Nearly Free Pattern Matching
After introducing a recursive dispatch system to ZynAddSubFX via librtosc one question that kept bugging me was ``what is the optimal means of performing the pattern recognition?''. While getting to one of the approximately six million possible addresses was reasonably quick I couldn’t help but ponder what the best method was without resorting to any manual code generation for each set of patterns. The first idea was to use the values of the first four characters to split the possible choices into a few classes, which did yield some performance gains, but as there are a number of longer prefixes in the source, this technique’s overhead often made it’s gains moot. Next I experimented by splitting the space of choices via a series of boolean comparisons at differing indices and splitting values. This mostly work, and it did produce some benefits in the matching, however the time to compute a set of parameters optimal only in the greedy sense, it took a sizable amount of time on the order of a second, which isn’t really tolerable at the startup of a program in my opinion. The number could be cached, but that would be quite hacky in the end or just overbuilt for what amounts to be a fun optimization.
After talking with some peers on the problem, the term `perfect minimal hashing' came out. Perfect hashing is a fairly intuitive idea where each hash uniquely defines an element when you know all possible elements in advance. Getting a hash that satisfies this property for the very small sets that each dispatch table has is something that could be accomplished with fairly naive algorithms, but getting this hash function to be minimal for a set of possible keys is something that at least to me seems to be considerably less intuitive.

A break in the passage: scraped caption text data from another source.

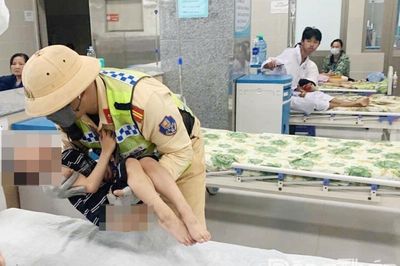 Cảnh sát giao thông đưa bé trai bị sốt cao, co giật cấp cứu kịp thời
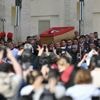 REPORTAGE. "C'est comme si on venait saluer notre propre père" : devant la basilique Saint-Pierre, une foule pressée de rendre un dernier hommage au pape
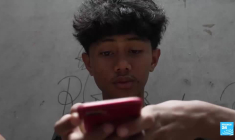 Les jeux d'argent en Indonésie, un fléau pour les jeunes, complètement accros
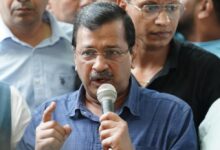 Photo of तिलक नगर सड़क विवाद पर सियासी घमासान, केजरीवाल ने किया निरीक्षण, प्रवेश वर्मा पर कार्रवाई की मांग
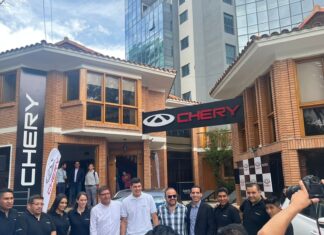 Chery se consolida en La Paz con nuevo showroom y nuevo embajador de marca chery
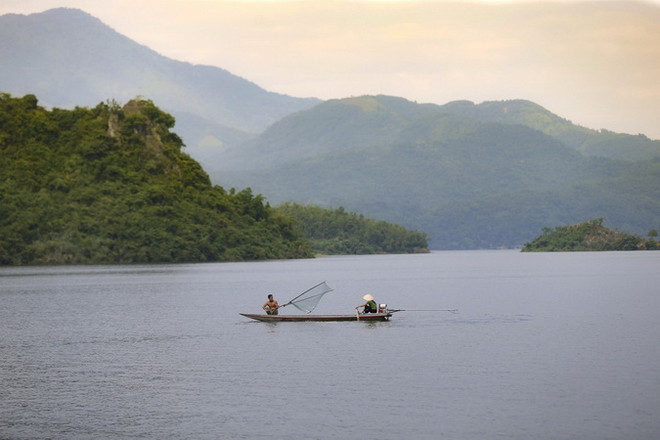 Nuôi cá lồng gắn với phát triển du lịch ở vùng hồ Hòa Bình ảnh 2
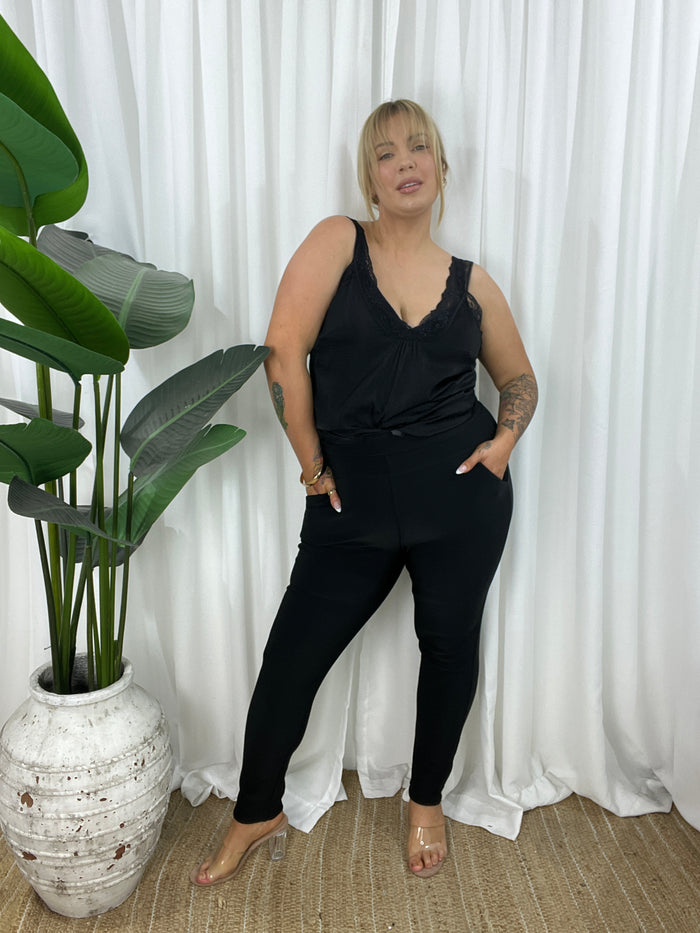 Olivia Ponte Pants (size down)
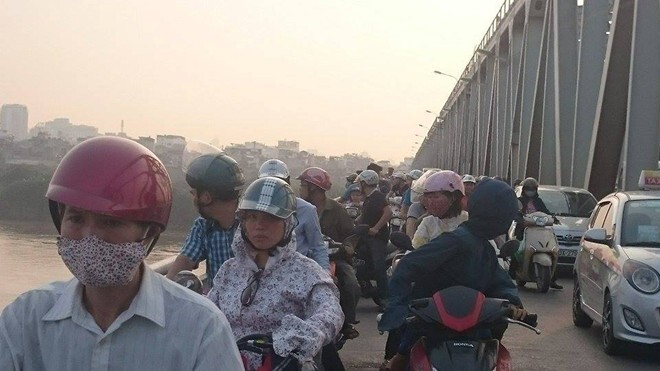 Giải cứu người đàn ông gieo mình xuống sông Hồng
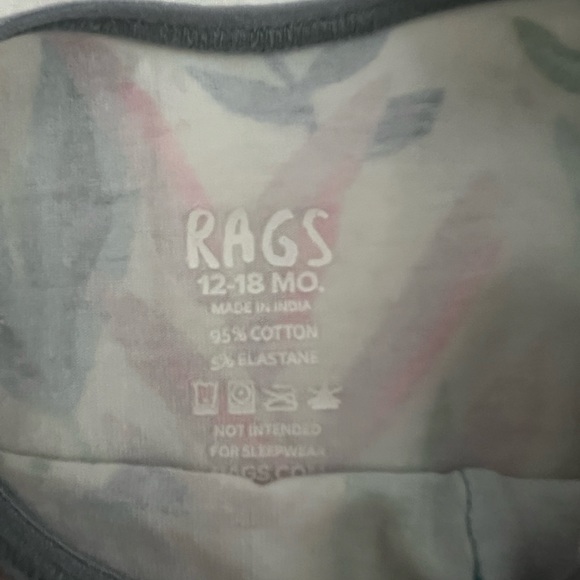 Rags to Raches floral romper - Picture 3 of 3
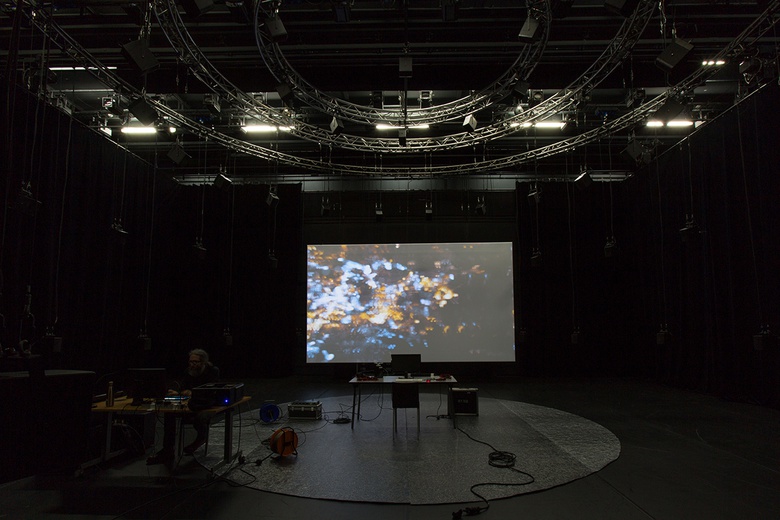 Installation vidéo 3D avec le dispositif Ambisonics (dôme de haut-parleurs) dans la grande salle du Centre Pompidou  © Centre Pompidou, photo Hervé Véronèse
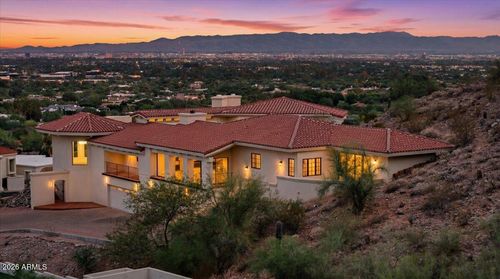 55-3800 E Lincoln Dr, Phoenix, AZ, 85018-1011 | Card Image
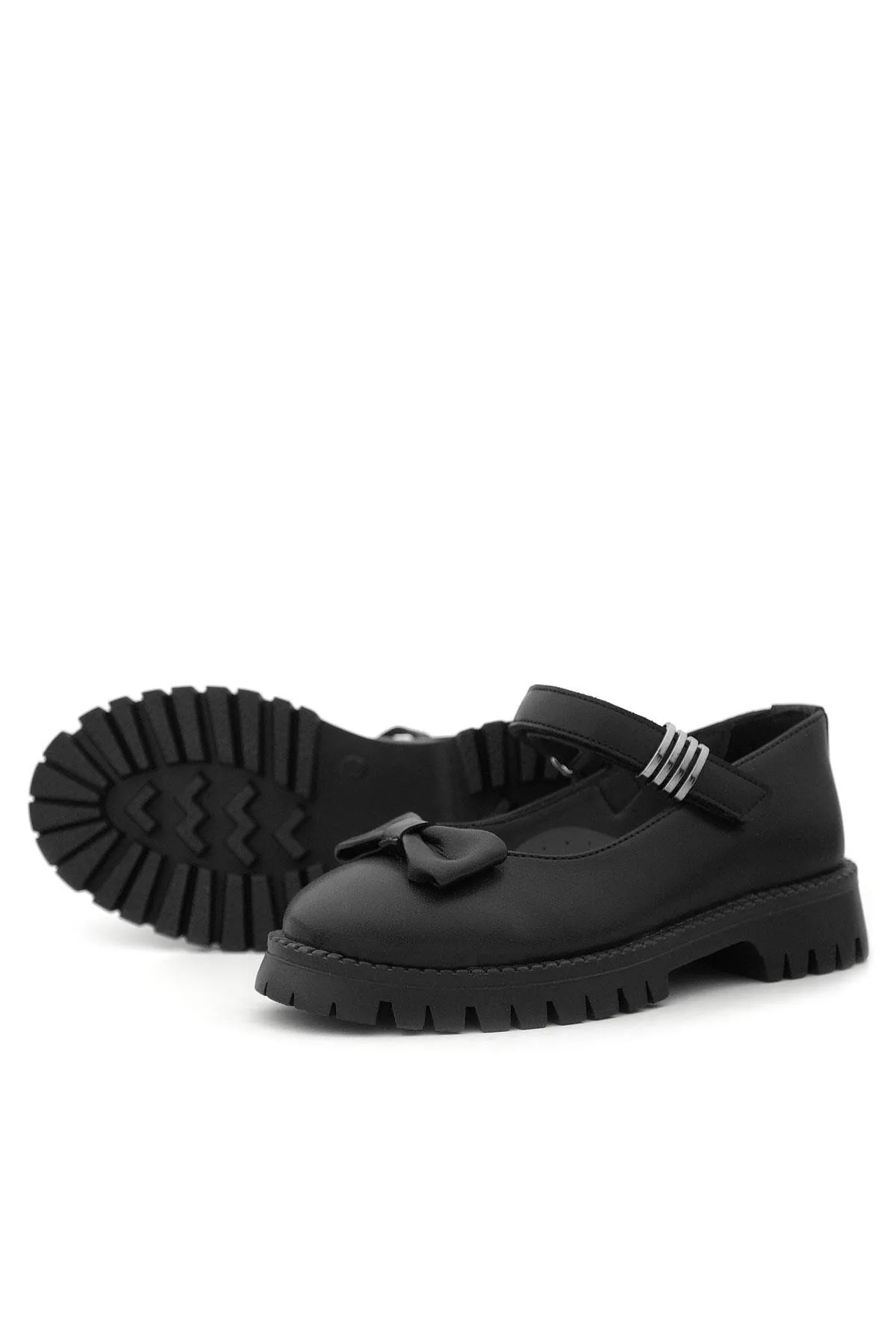 Siyah Mat Kalın Tabanlı Metal Detaylı Cırtlı Kız Çocuk Babet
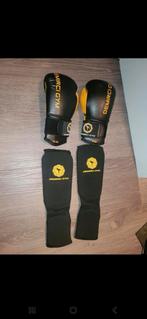 Bokshandschoenen en scheenbeschermers xs, Maat XS of kleiner, Ophalen of Verzenden, Zo goed als nieuw, Overige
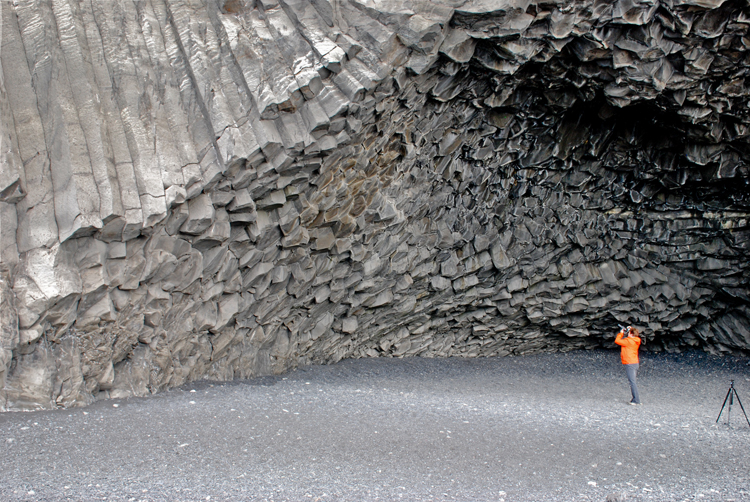 Image of basalt columns at Reynisfjara Beach in Iceland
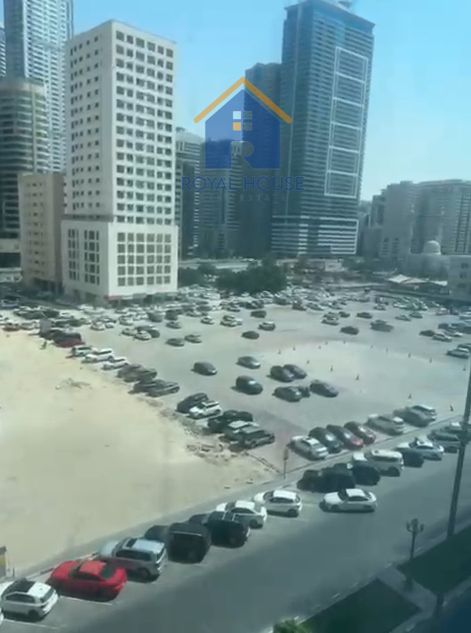 Stunning 2 BR in Al Khan Corniche: Ideal Family Retreat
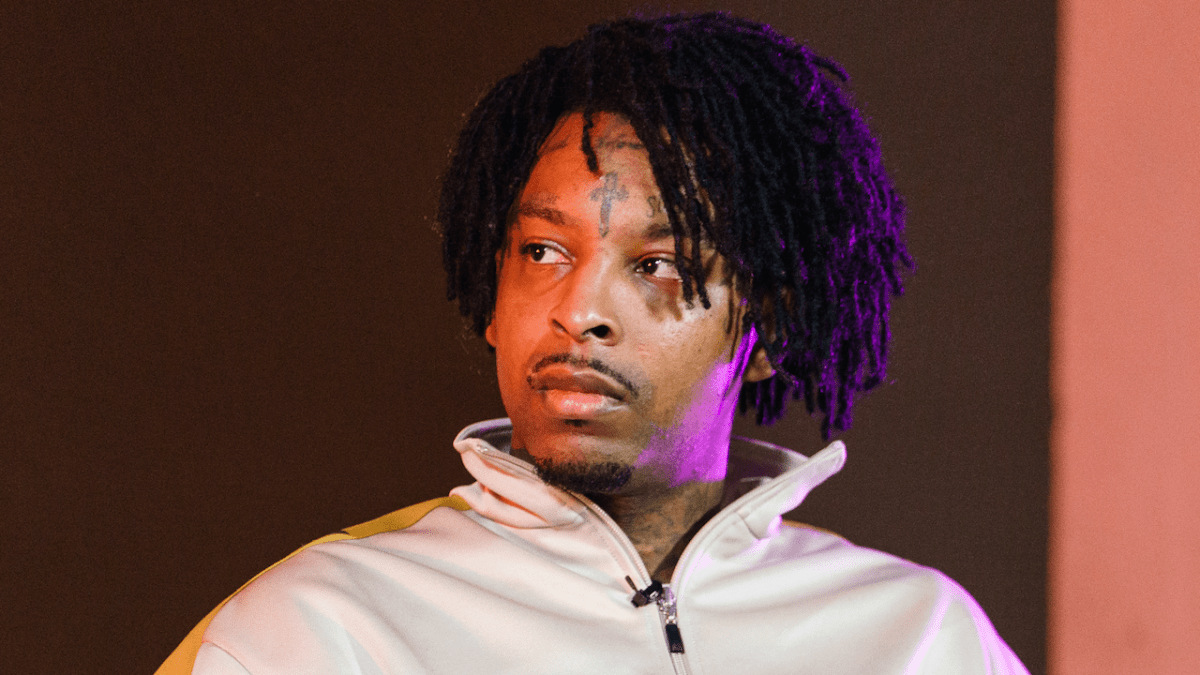 21 Savage Admits He's 'Paranoid 24/7': 'I'm Scared Of Everybody'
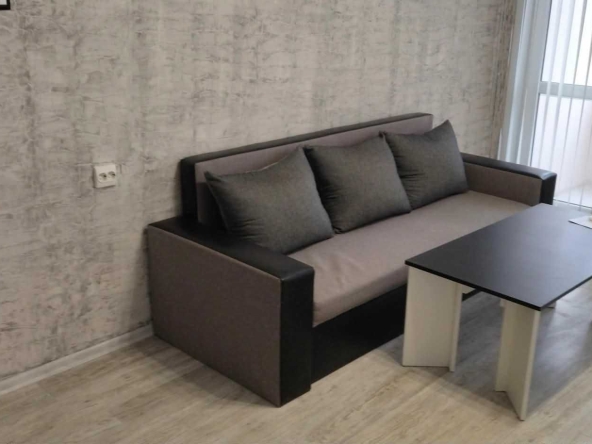 Дава се под наем Двустаен апартамент в Добрич, Център - 76 кв.м за 378.93 € - Снимка #1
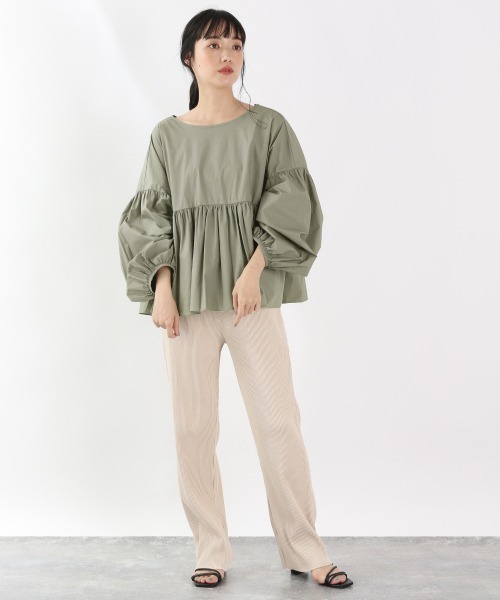 LOWRYS FARM（ローリーズファーム）の「ギャザーブラウスＬＳ　893661（シャツ/ブラウス・レディース・ブラック/カーキ/オフホワイト・FREE）」の4枚目の写真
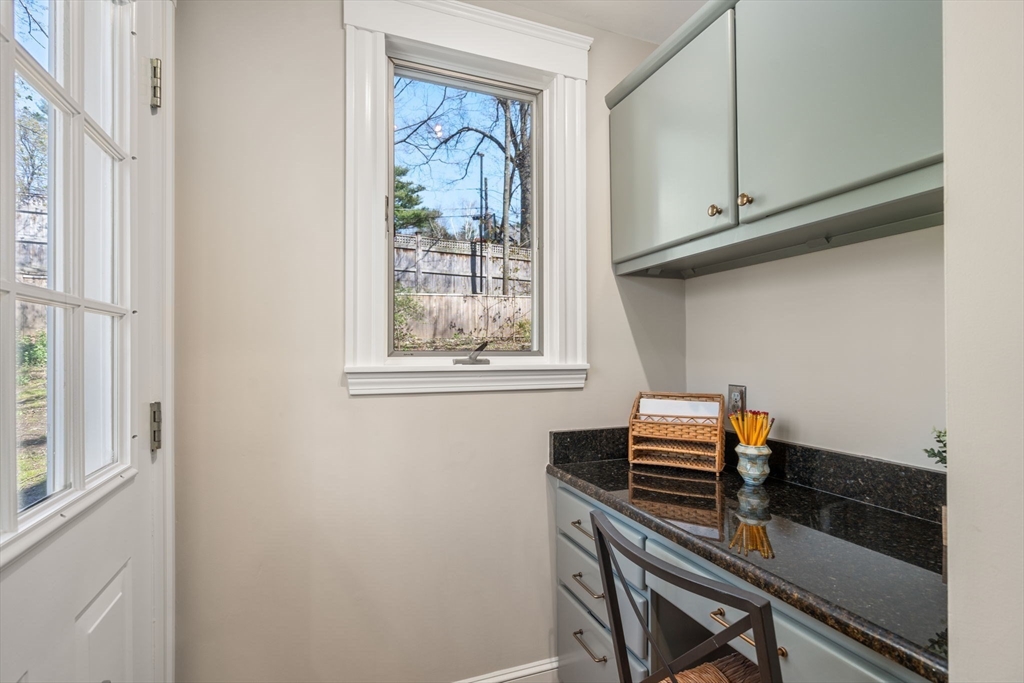 22 Fells Road Winchester, MA 01890 - Photo 14 of 38 Gallery Image 14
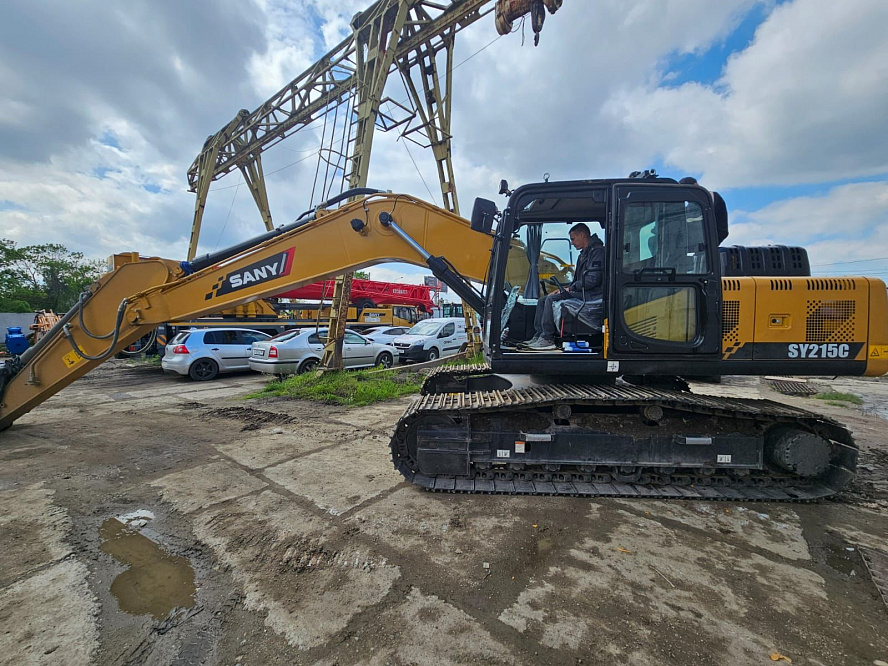 Экскаватор гусеничный SANY SY215C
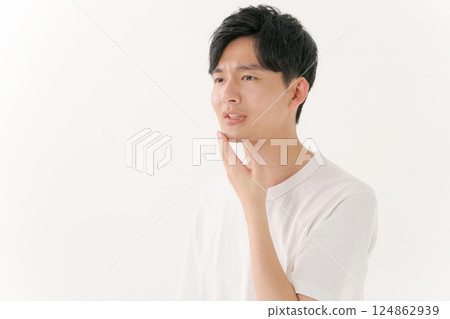 關心皮膚粗糙的男人 關心皮膚粗糙的男人 124862939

Luckily enough there’s a tool for just this problem and if you’re running a gnu based unix system you might even already have it installed. 'gperf' generates approximately-minimal perfect hashing C code. For a given input it will generate C source which include a few tables for lookup and some (mostly) optional expansions of these tables into inlined expressions. 'gperf' generates hash functions of the format:
hash(input): length(input) + assoc[offset[1] + input[index[1]]] + assoc[offset[2] + input[index[2]]] + assoc[offset[3] + input[index[3]]] ...
By generating an optimal set of offsets, indicies, and an association table it is possible to uniquely assign each element a hash. While the implementation within librtosc is somewhat less optimal than the implementation within gperf, the same basic ideas hold true.
First, if a set of unique patterns are going to be matched, there exists a set of indices that forms a tuple which is unique to each element. In the worst case the tuple is composed of all characters, but it is frequently much smaller. Secondly, it must be possible to translate each tuple to a unique multiset by adding some offset to each tuple element. If the second statement appears non-obvious, consider adding 128 multiplied by position, which without loss encodes the position of each tuple element (for 7 bit ascii). In practice we shall see that this can be done with significantly smaller values. Lastly, if each multiset is unique, then there must be some way to use a table based lookup to sum the multiset elements to define a unique hash.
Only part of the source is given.